40 Колыхнулось болото стоячее // Образование. 1903. № 3. Отд. III. С.20.
М. А.Фельдман
Численность, состав, социальный облик рабочих цензовой промышленности Урала в 1921—1926 годах
Последнее десятилетие XX в. стало временем возросшего интереса к событиям периода нэпа - недолгого отрезка нашей истории, связанного с восстановлением рыночной, многоукладной экономики1. Вопросы трудоустройства населения на предприятиях государственного, частного, кооперативного и концессионного секторов экономики, формы и методы решения трудовых конфликтов - все это могло бы стать базой аналитического обобщения, способного смягчить тяжесть перехода к рыночному хозяйству в наши дни. Способного постольку, поскольку при всей сложности и неустойчивости административно-рыночной конструкции нэповская экономика объективно возрождала систему институтов, составляющих основу российской и мировой индустриальной цивилизации-
Потрясения периода войн и революций привели к сокращению численности промышленных рабочих цензовой промышленности Урала с 302374 в 1913 г. до 171971 человека в 1920 г., или на 43%2. Однако подлинные размеры потерь, понесенных рабочими региона в ходе Первой мировой и Гражданской войн, стали очевидны летом 1922 г., когда в уральской цензовой промышленности осталось 107665 рабочих3. Однако данные статистических отчетов не учитывали рабочих военных заводов. С учетом заводов, подчиненных Главному управлению военной промышленности, т.е. Ижевского и Мотовилихинского, где на 1 июля 1922 г. было занято 19818 рабочих4, в цензовой промышленности Урала насчитывалось 127483 рабочих, или 42% от показателя 1913 г.
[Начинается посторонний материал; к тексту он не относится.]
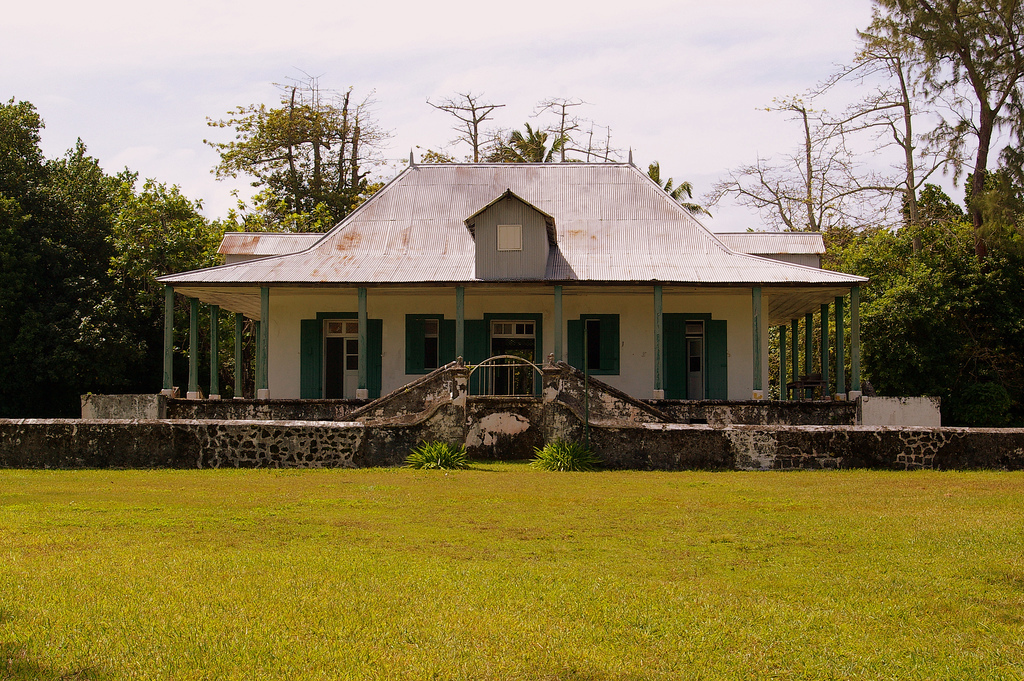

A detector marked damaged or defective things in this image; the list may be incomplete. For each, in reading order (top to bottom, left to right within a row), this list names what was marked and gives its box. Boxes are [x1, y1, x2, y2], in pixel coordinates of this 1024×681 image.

rusted roof [160, 165, 864, 286]
rusted roof [716, 232, 828, 256]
Характерно, что если в начале XX в. на Урале находился 81 завод с числом рабочих более 1000 чел., то в 1922 г. - только 275. Изменения коснулись всех социальных слоев, входящих в социум уральских рабочих, но более всего пострадали трудовые коллективы бывших казенных заводов, то есть наиболее квалифицированная часть рабочих. Закономерность этого явления объясняется не только активным участием рабочих казенных предприятий в Гражданской войне как на стороне красных, так и белых6. Сказалось ослабление самого владельца - государства и смена самой парадигмы модернизации России -отказ от приоритета военно-технических программ в первой половине 20-х гг. В 1921 г. на Мотовилихинском заводе - базовом предприятии артиллерийской промышленности России - из 25 тыс. рабочих заводского производства (1917 г.) осталось 1767 человек7. На Ижевском заводе, выпускавшем в годы Первой мировой войны треть российского производства винтовок, численность рабочих в 1914-1920 гг. сократилась более чем в три раза, в том числе квалифицированных (как правило, местных уроженцев) - в 15 раз. На Воткин-ском заводе - соответственно в 5 и 20 раз8. Более того, в 1922-1924 гг. Боткинский завод был закрыт на консервацию9. Аналогичные тенденции прослеживались и на других бывших казенных предприятиях Урала. Показателен пример Верхнетуринского механического (снарядного) завода, где численность рабочих на 1 января 1914 г. составляла 2473, на 1 января 1917 г. - 7646, а в 1921 г. - 353 человека10. Между тем именно бывшие казенные заводы во многом определяли ход технического прогресса на Урале, тип индустриальной модернизации в целом. Таким образом, от последствий Первой мировой и Гражданской войн наиболее заметно пострадал тот социальный слой рабочего класса, который наиболее соответствовал характеристикам пролетариата индустриального общества, чьими усилиями сдерживался радикализм маргинальных слоев горнозаводского населения Урала.